What makes for a secure container?

This hasn’t yet been decided by Customs. My opinion is that having spoken to people in the port business and in the government, the issue is there is no single or combination of scanning and inspection technologies today that allows the kind of high throughput that a port needs. You can X-ray, have particle sniffers -- but they don’t catch everything.

The ideal is to ensure that at container loading the contents are safe, and to maintain that seal throughout so that subsequent inspection is unnecessary. That’s what the government means by a smart and secure container. To achieve this with today’s technology, the best alternatives are:

1. A secure loading area with limited access and video monitoring, and background checks on workers.

2. Tie the seal to the contents. This is where RFID chips apply by tying the RFID signatures on all the container’s boxes with date and place of container loading with an algorithm encoded in the seal. If the seal is broken or if any of the contents don’t match the RFID, then the seal and contents aren’t synchronized -- evidence of tampering. RFID tags can be read simultaneously through the container walls.

What about bar codes and the new CSI standard?

The difficulty with bar codes and other Global Trade Identification Numbers (GTINs) is that bar codes are sequential and must be visible to be read. Usually, because these GTINs and bar codes are scanned at loading and unloading, this has not, up to now, significantly slowed shipments.

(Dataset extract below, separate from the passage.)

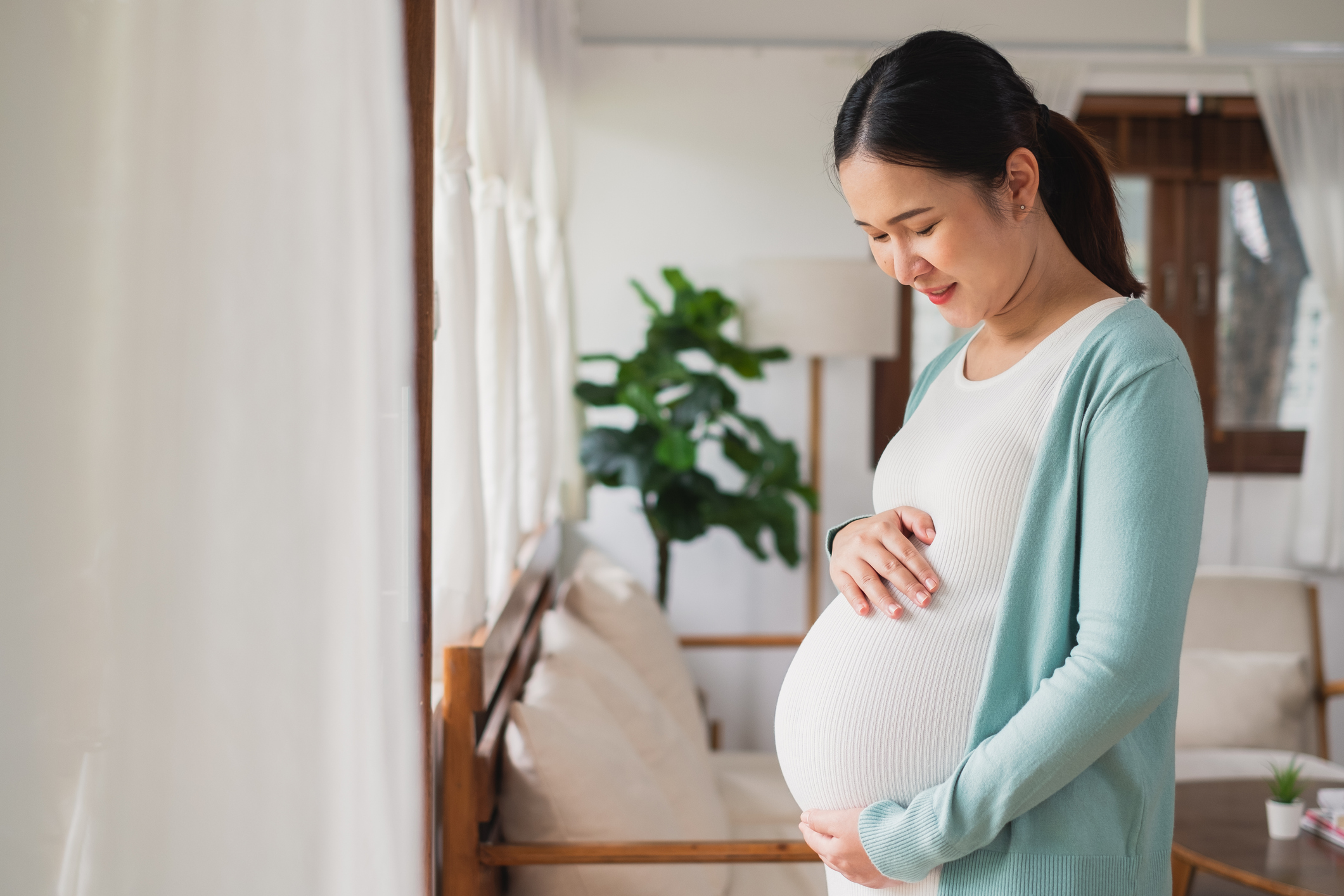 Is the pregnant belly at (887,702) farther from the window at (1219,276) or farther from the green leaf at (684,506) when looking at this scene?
the window at (1219,276)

Another issue is that the bar codes and the UPC format in the U.S. only identify to the SKU level. It identifies the company and kind of product -- not style, color or size. Company identifiers are at least six digits or more, and with all the permutations of product kinds, there just aren’t enough digits left in the 12 digits, or even in the new EAN 13-digit bar code to provide enough detail to meet the new CSI regulations. The issue for CSI is a complete audit trail. They need to know where the cargo came from and what its routing was.

In tracking exceptions to ensure continuing security of containers in transport is a GPS system that will monitor the container’s route. This is just an idea. If you do this, even in America, if you’re going from Boston to New York and there’s a travel jam, a trucker may take an alternative route. Does taking a different route mean that a container is compromised?

So the issue of tracking cargo and where it has been comes down to at what level you will track your goods. Typically, the pallet or carton level would be tracked. But there are two levels of integrity to consider, both containers and palletloads. The palletloads may be shrinkwrapped, but they hardly have the level of security that is appropriate for CSI. If you move goods between pallets and cartons, even within the same shipment, if you destroy the integrity of the pallet, you destroy the integrity of the shipment.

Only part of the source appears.